Jérôme Kerviel a donc reçu logiquement le soutien de la réactionnaire catholique Christine Boutin et de son parti, du curé « médiatique » Patrice Gourrier qui officie une fois par semaine dans l'émission « les Grandes Gueules » sur RMC, de nombreux artistes et de l'évêque de Gap Monseigneur Jean-Michel Di Falco ancien porte-parole officiel de l’Église catholique et président de la Commission des Évêques de France, fondateur de la chaine de télévision de l’Église catholique française KTO TV, intervenant réguliers sur les radios, dans les journaux à grands tirages, et qui est maintenant le président du comité de soutien à Jérôme Kerviel.
Le rôle de Jérôme Kerviel a été campé par le réactionnaire Lorànt Deutsch dans une pièce de théâtre s'attaquant à « la finance » en 2009.
Comme on le voit l'affaire Kerviel a été largement récupérée par les forces national-catholiques pour en faire une pièce dans leur offensive de conquête idéologique des masses.
Mais cela ne s'arrête pas là. En effet, suite à la sortie de son livre Le roman d'un trader dans lequel il a commencé à se présenter comme un combattant repenti de la « finance internationale », Jérôme Kerviel a reçu le soutien d'une partie de la gauche et de l'extrême-gauche petite-bourgeoise qui, bien qu'elle s'en dédie, est très largement influencée idéologiquement par ce qu'on appelle le « catholicisme de gauche ».
Ainsi, Jérôme Kerviel est donc soutenu officiellement par Eva Joly, par le Front de Gauche et plus particulièrement et très activement par le Parti de gauche et Jean-Luc Mélenchon. Alexis Corbière, un des dirigeants du Parti de Gauche, s'est donc rendu en Italie avec d'autres militants du PCF et du Parti de Gauche pour participer à la marche retour de Jérôme Kerviel vers la France. Des responsables du Parti de Gauche étaient présents à chaque manifestation de soutien ou moments médiatiques de la procédure judiciaire. Et dans un grand élan de lyrisme négationniste, Jean-Luc Mélenchon en est même venu, ces derniers jours, à comparer Jérôme Kerviel à Alfred Dreyfus :
« On le soutient car on pense qu’il est innocent, et nous autres à gauche sommes comme ça depuis l’affaire Dreyfus. Dreyfus n’est pas des nôtres et on l’a soutenu. Kerviel est innocent, donc on le soutient.(…)

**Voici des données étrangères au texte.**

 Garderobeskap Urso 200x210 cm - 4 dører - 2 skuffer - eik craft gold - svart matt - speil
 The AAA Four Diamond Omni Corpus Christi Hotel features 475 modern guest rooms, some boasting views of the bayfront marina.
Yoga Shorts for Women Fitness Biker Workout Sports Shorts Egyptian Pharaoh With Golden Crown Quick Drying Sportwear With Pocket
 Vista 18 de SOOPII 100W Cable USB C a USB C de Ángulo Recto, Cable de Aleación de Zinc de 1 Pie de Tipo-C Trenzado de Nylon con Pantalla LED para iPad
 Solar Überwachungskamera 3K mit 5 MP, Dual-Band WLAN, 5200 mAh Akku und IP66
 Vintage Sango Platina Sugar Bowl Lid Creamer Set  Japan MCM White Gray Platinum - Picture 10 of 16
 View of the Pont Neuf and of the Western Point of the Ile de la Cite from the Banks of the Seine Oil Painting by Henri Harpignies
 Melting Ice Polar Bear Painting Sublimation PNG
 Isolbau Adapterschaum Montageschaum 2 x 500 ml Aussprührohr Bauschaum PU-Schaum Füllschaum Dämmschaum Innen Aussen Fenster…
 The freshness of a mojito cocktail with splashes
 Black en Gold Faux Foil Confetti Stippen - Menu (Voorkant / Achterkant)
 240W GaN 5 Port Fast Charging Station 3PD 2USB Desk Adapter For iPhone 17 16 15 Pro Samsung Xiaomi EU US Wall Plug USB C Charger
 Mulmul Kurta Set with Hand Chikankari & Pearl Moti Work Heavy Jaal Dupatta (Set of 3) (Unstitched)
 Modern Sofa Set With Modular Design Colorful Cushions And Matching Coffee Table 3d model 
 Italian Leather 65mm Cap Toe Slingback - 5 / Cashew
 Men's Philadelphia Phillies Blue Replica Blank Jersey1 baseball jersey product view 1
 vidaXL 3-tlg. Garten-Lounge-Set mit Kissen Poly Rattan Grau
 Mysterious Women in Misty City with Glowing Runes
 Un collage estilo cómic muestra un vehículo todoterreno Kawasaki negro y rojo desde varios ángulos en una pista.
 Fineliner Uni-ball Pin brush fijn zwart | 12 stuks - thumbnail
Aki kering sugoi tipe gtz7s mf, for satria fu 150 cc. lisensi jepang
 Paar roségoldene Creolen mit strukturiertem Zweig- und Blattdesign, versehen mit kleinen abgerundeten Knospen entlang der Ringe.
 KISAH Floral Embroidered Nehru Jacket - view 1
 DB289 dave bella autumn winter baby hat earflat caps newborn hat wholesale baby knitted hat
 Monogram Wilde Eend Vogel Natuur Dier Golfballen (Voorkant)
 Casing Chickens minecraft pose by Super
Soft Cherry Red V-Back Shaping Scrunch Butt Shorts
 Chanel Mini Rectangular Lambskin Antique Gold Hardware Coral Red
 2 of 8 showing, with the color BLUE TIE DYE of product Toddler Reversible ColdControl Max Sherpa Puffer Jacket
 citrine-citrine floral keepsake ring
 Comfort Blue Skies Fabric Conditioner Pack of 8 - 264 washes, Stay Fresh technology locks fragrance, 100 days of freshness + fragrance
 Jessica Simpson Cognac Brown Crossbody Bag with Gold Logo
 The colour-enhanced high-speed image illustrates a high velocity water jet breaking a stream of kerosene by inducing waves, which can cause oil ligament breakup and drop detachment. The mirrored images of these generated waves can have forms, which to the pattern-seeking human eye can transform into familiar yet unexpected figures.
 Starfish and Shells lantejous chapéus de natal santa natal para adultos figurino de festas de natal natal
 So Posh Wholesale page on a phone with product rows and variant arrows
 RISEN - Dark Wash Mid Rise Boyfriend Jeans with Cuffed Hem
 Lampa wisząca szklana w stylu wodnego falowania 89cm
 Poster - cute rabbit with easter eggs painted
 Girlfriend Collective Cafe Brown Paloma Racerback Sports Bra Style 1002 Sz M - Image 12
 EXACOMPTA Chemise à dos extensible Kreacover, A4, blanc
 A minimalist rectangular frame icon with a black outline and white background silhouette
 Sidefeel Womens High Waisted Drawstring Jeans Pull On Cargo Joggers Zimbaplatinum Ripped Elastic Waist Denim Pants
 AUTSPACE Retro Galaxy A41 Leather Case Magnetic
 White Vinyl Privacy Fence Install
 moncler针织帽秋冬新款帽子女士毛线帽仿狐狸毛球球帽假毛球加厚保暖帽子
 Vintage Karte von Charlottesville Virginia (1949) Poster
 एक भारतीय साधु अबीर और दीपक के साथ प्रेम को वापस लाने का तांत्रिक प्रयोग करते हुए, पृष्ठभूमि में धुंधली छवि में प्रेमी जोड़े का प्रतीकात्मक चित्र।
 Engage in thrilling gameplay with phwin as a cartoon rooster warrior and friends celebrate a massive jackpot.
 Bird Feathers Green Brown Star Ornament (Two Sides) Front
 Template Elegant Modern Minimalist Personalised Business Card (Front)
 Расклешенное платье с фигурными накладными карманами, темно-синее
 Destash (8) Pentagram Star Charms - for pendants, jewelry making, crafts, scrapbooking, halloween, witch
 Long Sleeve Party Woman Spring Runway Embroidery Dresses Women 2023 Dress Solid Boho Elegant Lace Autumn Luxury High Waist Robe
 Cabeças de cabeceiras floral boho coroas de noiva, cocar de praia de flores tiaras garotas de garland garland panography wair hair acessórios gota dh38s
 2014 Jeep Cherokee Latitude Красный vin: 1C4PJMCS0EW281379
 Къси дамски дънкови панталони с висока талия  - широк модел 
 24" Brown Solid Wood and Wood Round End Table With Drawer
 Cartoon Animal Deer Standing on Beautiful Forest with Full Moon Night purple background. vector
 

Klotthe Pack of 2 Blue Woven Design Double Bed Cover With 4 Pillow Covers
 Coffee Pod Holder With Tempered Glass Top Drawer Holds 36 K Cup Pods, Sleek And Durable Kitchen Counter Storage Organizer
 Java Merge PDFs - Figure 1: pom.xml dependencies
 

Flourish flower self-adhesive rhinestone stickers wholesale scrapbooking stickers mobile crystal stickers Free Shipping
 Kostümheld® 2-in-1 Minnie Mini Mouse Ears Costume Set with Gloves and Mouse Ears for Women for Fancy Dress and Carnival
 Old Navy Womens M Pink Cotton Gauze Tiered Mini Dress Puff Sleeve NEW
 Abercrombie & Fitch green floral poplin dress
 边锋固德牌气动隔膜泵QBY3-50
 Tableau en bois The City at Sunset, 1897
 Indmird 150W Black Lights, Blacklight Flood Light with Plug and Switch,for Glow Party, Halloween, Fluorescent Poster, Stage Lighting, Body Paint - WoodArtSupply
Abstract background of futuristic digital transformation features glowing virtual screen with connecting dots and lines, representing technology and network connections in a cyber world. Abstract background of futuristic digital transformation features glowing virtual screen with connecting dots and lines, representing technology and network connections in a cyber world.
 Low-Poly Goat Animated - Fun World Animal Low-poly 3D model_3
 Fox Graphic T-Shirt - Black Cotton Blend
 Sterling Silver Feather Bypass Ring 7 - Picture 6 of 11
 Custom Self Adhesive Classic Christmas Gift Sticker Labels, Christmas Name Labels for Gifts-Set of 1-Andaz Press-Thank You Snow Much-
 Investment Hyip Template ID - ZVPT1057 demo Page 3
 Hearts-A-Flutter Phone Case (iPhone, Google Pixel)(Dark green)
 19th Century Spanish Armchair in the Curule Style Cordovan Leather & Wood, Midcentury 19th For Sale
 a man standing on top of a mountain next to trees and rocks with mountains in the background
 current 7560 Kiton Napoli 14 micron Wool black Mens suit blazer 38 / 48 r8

L’affaire Dreyfus était une affaire d’antisémitisme, là c’est tout autre chose. A l’époque c’était l’armée et certains milieux qui tenaient le haut du pavé à n’importe quel prix, là ce sont les banques. La banque prétend que cet homme lui a fait perdre 5 milliards, elle a toujours refusé toute expertise indépendante qui permette d’attester de cette perte. Sur la base de cette perte elle a reçu 1.7 milliards de dédommagement. Nous pensons qu’il a été transformé en coupable pour favoriser une manœuvre. »
C'est même depuis les colonnes du journal du PCF L'Humanité que l'avocat de Jérôme Kerviel a adressé une « lettre ouverte » à François Hollande (au fort contenu idéologique) lui demandant d'assurer la protection de ses témoins.
On voit bien là toute la collusion à laquelle mène le refus du matérialisme dialectique qui fait sombrer dans l'anticapitalisme romantique et la dénonciation de la seule « finance sans visage » comme étant à l'origine de tous les maux.
Du début à la fin, depuis sa mise en avant par la Société Générale comme « financier sans scrupule » à son utilisation pour la diffusion de l'idéologie national-catholique, l'affaire Kerviel aura été une campagne anticapitaliste romantique.
Jérôme Kerviel était un pion du capital financier pour son accumulation de richesse, il est devenu un pion du fascisme dans sa marche vers le pouvoir. Au final, il n'aura jamais cessé de servir la bourgeoisie impérialiste.